Monday, January 12, 2015

An alligator in Logan, UT

At lunch today I went for a walk. There is a path near my office which runs along the Logan river, through a pasture. It was cold, raining-on-the-verge of snowing. SO I had my hood pulled down, and I was walking fairly quickly.

The path crosses the river a couple times via little foot bridges, and as I approached the last bridge on my return trip, I caught movement in the water, just at the edge of my peripheral vision. My first thought, given the abundance of tadpoles was "frog", but it was really too large to be a frog, and moved through the water much to smoothly.

Then, whether because I had started at frog and therefore had amphibian (and consequently reptile) on my brain, or because my wife and I have been looking a pictured of Florida the night before, or both, I quite clearly realized that what I was seeing was none other than an alligator! A small one, maybe a a foot or two in length, but most definitely the correct size, shape, texture, color and motion.
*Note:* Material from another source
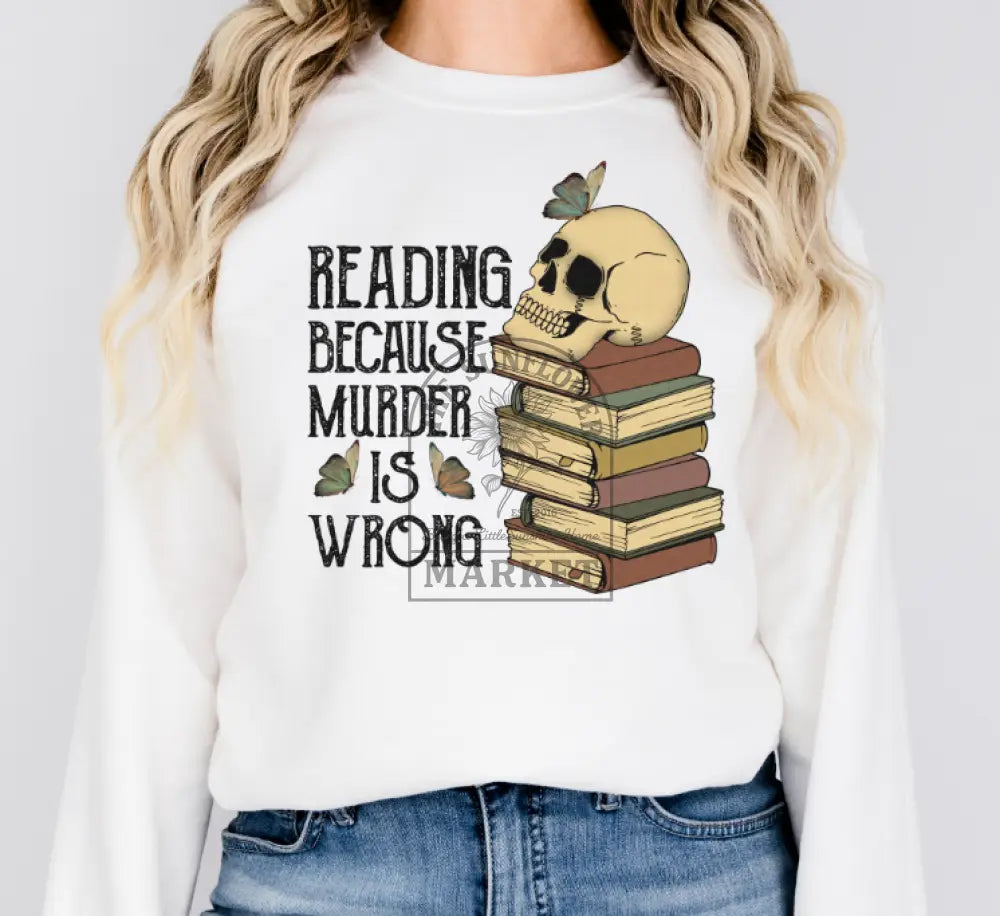 Reading Because Murder Is Wrong - graphic tees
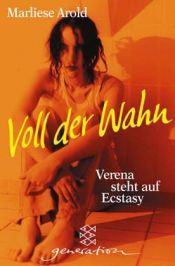 book cover of Voll der Wahn. Verena steht auf Ecstasy by Marliese Arold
Then that smart-astic voice in the back of my head chimed in with that annoyingly smug voice...

"Really..... You are in Logan.... Utah.... in the middle of January, in rain/snow... And your going with alligator?"

At about that moment, the muskrat dove under the water and out of site.

The funny thing was for that brief instant, I really did see an alligator, that is how my mind interpreted the visual stimuli it received. It was only at that very last instant, that rational mind kicked in and saw "Things as they really are".

I got to thinking about that- how often, to what extent, and for how long do our brains get misled in a life time, by misinterpreted or out of context stimuli or information?

And has this phenomena increased in the age of tweets, instagrams... increasingly short and fast info-bits?